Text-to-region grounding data
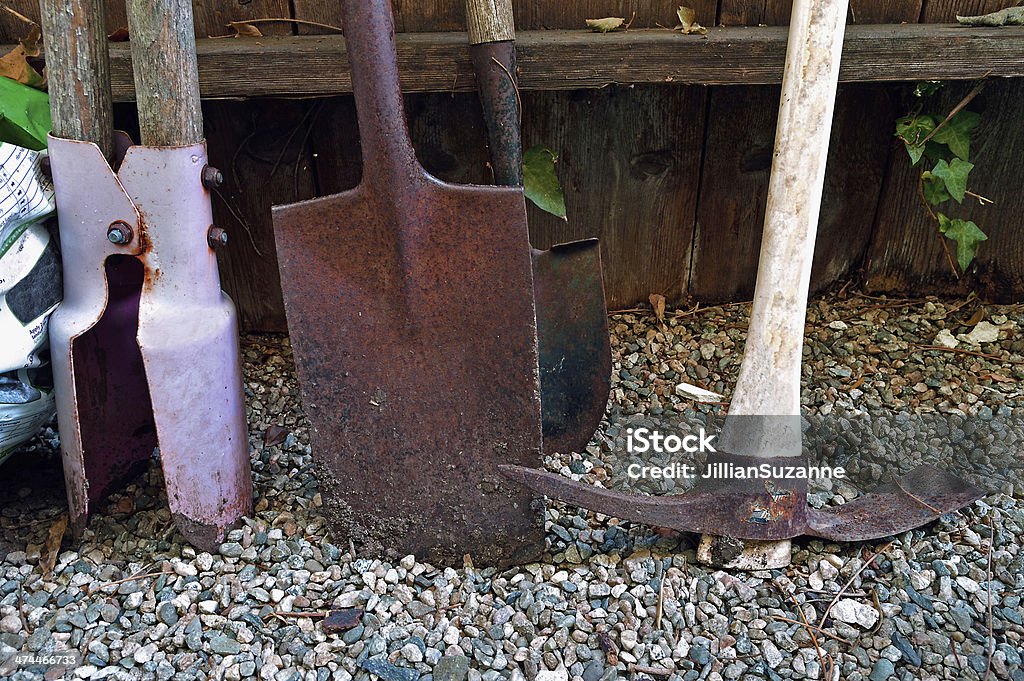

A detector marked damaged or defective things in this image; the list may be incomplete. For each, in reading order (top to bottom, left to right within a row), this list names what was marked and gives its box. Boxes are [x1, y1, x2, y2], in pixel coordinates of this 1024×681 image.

rusty shovel [43, 0, 251, 548]
rusty pickaxe point [43, 0, 251, 548]
rusty metal blade [270, 0, 544, 565]
rusty shovel [270, 0, 544, 565]
rusty metal blade [468, 38, 606, 450]
rusty shovel [468, 1, 610, 456]
rusty metal blade [532, 241, 610, 454]
rusty shovel [499, 0, 978, 548]
rusty pickaxe point [503, 0, 983, 548]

**EXERCISE OBJECTIVE**
Where a record above holds a picture, drop the picture and print the rest exactly.

**RESULT FOR THIS EXERCISE**
A detector marked damaged or defective things in this image; the list may be incomplete. For each, in reading order (top to bottom, left to right within a row), this list names what was marked and gives its box. Boxes are [x1, y1, x2, y2], in pixel coordinates of this 1024×681 image.

rusty shovel [43, 0, 251, 548]
rusty pickaxe point [43, 0, 251, 548]
rusty metal blade [270, 0, 544, 565]
rusty shovel [270, 0, 544, 565]
rusty metal blade [468, 38, 606, 450]
rusty shovel [468, 1, 610, 456]
rusty metal blade [532, 241, 610, 454]
rusty shovel [499, 0, 978, 548]
rusty pickaxe point [503, 0, 983, 548]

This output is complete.